Milard avait mis le clignotant. Quatre ou cinq voitures les dépassèrent coup sur coup. Il se rangea à proximité d’une sanisette. Suzanne Vauthier le regardait faire. Il sortit son trousseau de clés, défit les bracelets. Elle le regardait toujours, le visage immobile. Milard parut embarrassé.

— Descendez, Suzanne. Il ne tirera pas. C’est fini, maintenant.

— Et vous ?

Il lui sourit avec douceur.

— Ça faisait déjà un moment que c’était fini… (Il tourna la tête en direction du jeune homme.) Elle va sortir. Elle n’ira pas aux flics. Elle va prendre une chambre quelque part, un jour ou deux… Se reposer.

Mauber agita les doigts.

Milard se pencha, ouvrit la portière du passager. Elle lui agrippa le poignet. Il était déjà loin, très loin, il dérivait à perte de vue. Il ne souriait plus. Un étranger. Elle n’avait pas peur. Il la poussa dehors, sans brusquerie. Mauber passa devant en dissimulant le revolver sous le blouson.

Elle vit la BMW s’éloigner, le clignotant palpiter et s’éteindre. Elle fit quelques pas au hasard. Il lui revenait le fracas des détonations, le visage de Milard et celui du jeune homme, joue contre joue. Elle se mit à trembler et ses mâchoires claquèrent. On la dévisageait au passage. Les impacts de balles dans un corps tournoyant, le visage de Milard, crispé et sagace. Elle se rappela qu’elle avait laissé son Alfa à proximité du cimetière. Sa montre marquait à présent seize heures quarante. Moins d’une heure auparavant, elle avait pris le bras du policier, il lui avait adressé un sourire neutre. Moins d’une heure, autant dire à une autre époque dont le souvenir ne lui parvenait plus que brouillé, par-delà le temps distendu.

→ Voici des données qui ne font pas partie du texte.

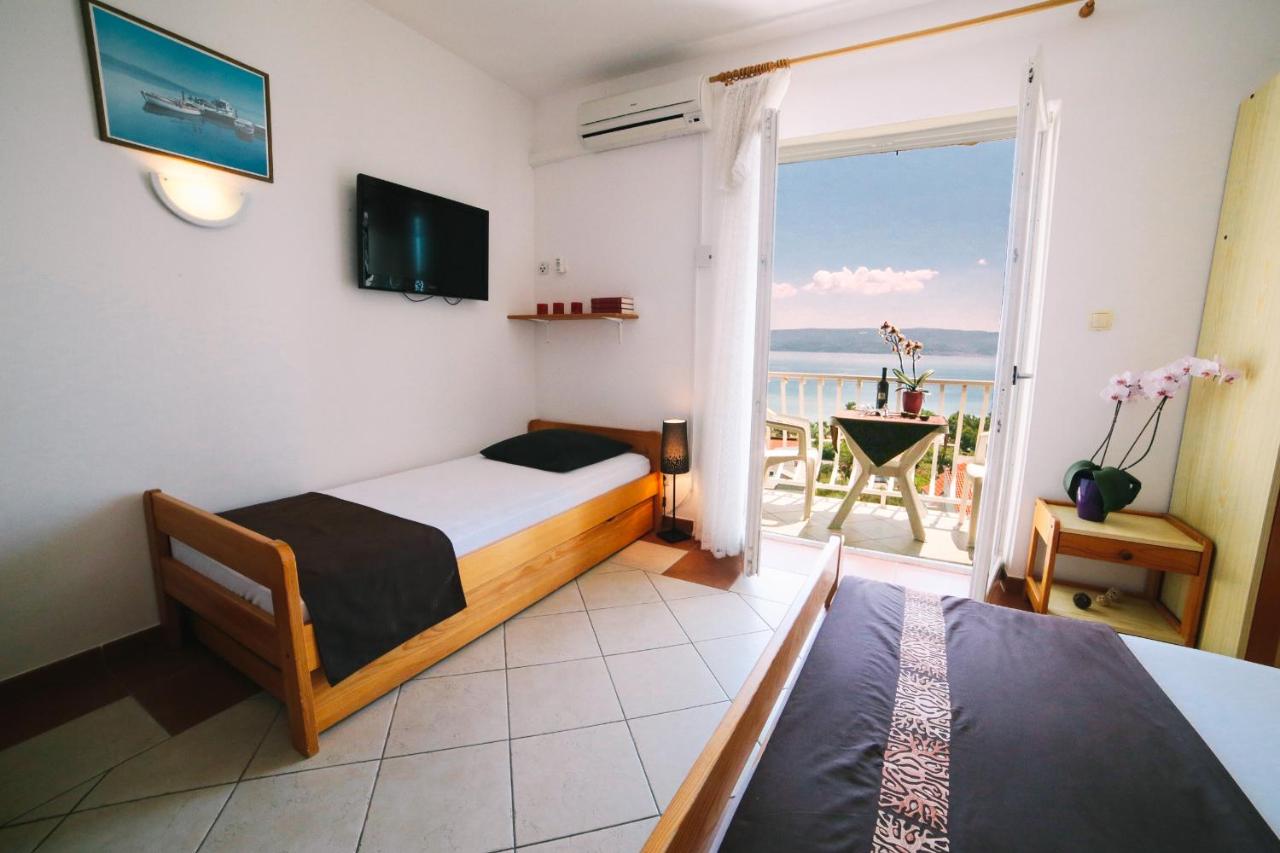 Studio with Sea View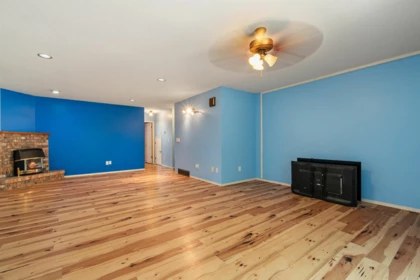 Hallway Photo of 6442 Swanson Street, Chilliwack, BC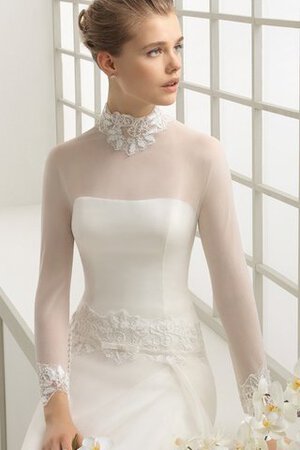 Robe de mariée classique formelle de traîne courte avec mousseline pendant - Photo 2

Elle n’avait plus de sac, pas un centime de monnaie.

Elle appela Milard à mi-voix. Elle ne tremblait plus.

Elle se sentait seule et vide, une maison délaissée.

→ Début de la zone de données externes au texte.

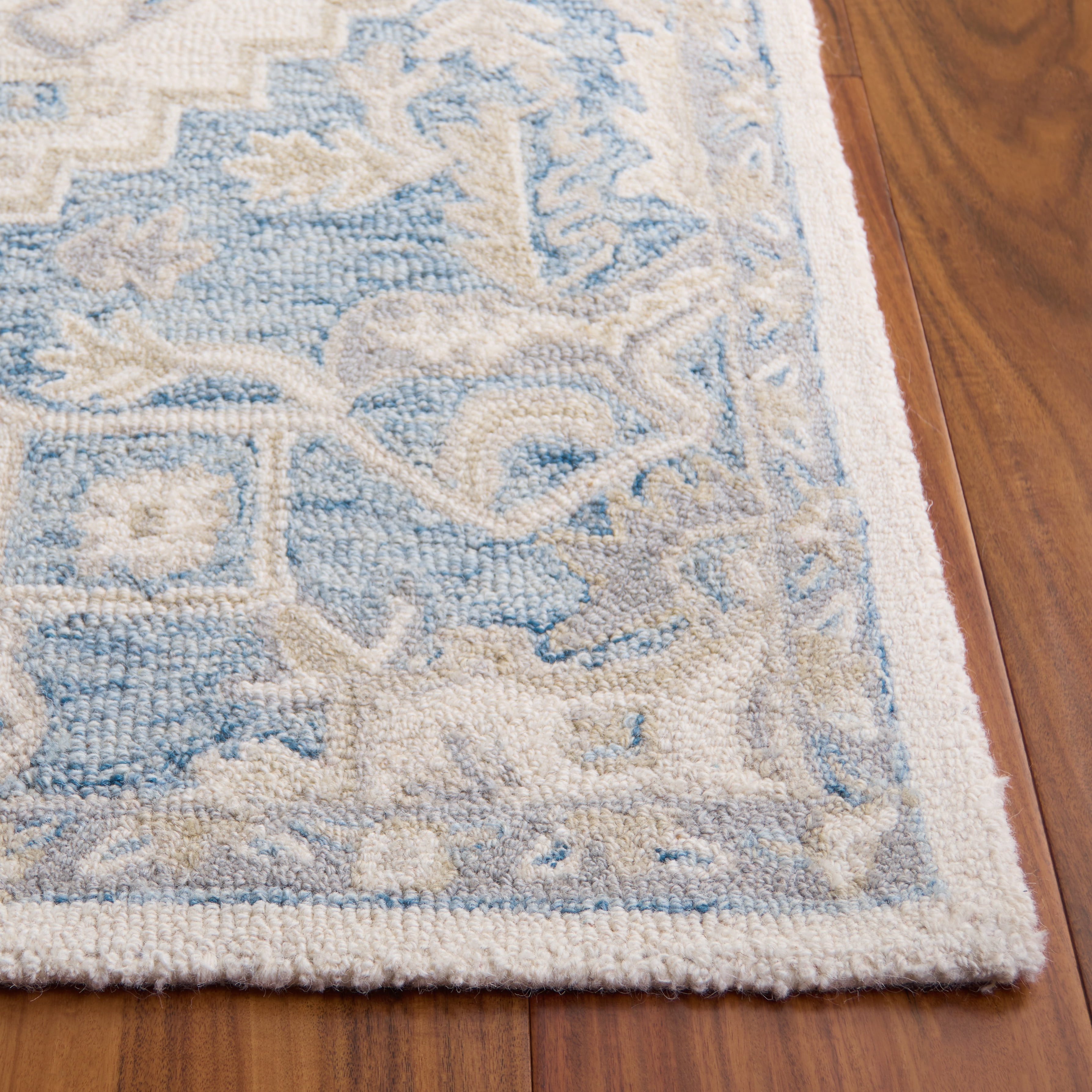 Safavieh Micro-Loop Braylon Floral Area Rug, Ivory/Navy, 6' x 9'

Elle commença à avancer à grands pas.

Il reviendrait : il ne pourrait pas faire autrement.

Il reviendrait parce qu’il le fallait.

Maintenant, elle courait à toutes jambes.

Qui pouvait dire si c’était pour fuir ou le rejoindre ?

Jankovic était blême, il avait les poings dans les poches de pantalon. Des flics et des ambulanciers partout. On évacuait le corps de Malou Dieterich. Un jeune médecin agenouillé brandissait à bout de bras un bocal de perfusion. Château fumait. Jankovic le toisa. Château porta le Motorola à la bouche. Lorsqu’il eut cessé d’émettre, Jankovic s’approcha à le toucher.

— Tout ça pour quoi ?

Château le fixa durement.

— Un banal règlement de comptes, Janko… Le procureur général va être là d’un instant à l’autre. Vous avez regardé la bande vidéo ?

— Pas eu le temps…

— Un dingue. L’œuvre d’un cinglé. Totalement imprévisible. Imparable.

— Berg s’en est tiré…

Château souffla de la fumée, son regard se glaça et il eut une grimace qui pouvait passer pour de la lassitude. Il examina le poste qu’il tenait entre ses doigts, reporta les yeux sur la face livide de Jankovic.